Hon. Gregory Katsas:  Thank you. Paul?

Paul Watkins:  Well, thank you, Judge. And thank you so much to The Federalist Society for the chance to be part of this panel. My contribution to this discussion comes from having experience at the state level suing companies and then being in regulatory roles promoting innovation. And I think these two elements are key to what I expect red states to do in response going forward, lawsuits and promoting innovation.

      But I want to back up and talk about how I think red states find themselves in this circumstance where they’re having to sue all these platforms. And to a large extent, I think it’s because blue states, and a small number of blue states, have absolutely crushed their competitors in venture capital investment and developing emerging businesses.

      The numbers are really astounding. If you look at just California, California has received more than 50 percent of venture capital investment just about every year from 2010 to 2020. You throw in New York and Massachusetts, it’s over 70 percent. Some years, it’s close to 80 percent. The closest competitor is Texas.

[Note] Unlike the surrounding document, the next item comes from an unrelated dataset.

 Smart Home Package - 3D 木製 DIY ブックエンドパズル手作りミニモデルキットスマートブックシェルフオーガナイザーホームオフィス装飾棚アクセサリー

In 2010, Texas was getting around 5 percent of venture capital investment. Although their absolute numbers have increased, they have not kept pace. In 2020, their share of venture capital investment drops down to 2.7 percent.

      So these companies are developing within particular cultures, and they’re subject to primary regulators that reflect those cultures. And I think that shapes a lot of policy, particularly a few years ago when many companies said, “We’re going to depart from the Friedman doctrine of shareholder capitalism. We’re going to reflect the values of our stakeholders. We’re going to be more these extensions of policy.” Those policy preferences are drawn from that culture, from the geographic culture, from the regulatory culture.

      So I think it’s no surprise that red states look at this and say, “Hey, where did this come from? This doesn’t match what we’re hoping to see.” And they treat this extension of policy preferences from companies the same way they would treat an extension of policy preferences from the federal government, from another state, which is they respond with a bunch of lawsuits.

      Now, I want to talk a little bit about how some of these lawsuits could be modified a little bit, how some of these regulatory structures could be modified a little bit. But what I hope the states that are upset about this focus on is what they can do to do a much better job promoting innovation because that’s the sort of  activity that I think will lead to long-term solutions and will be broadly beneficial.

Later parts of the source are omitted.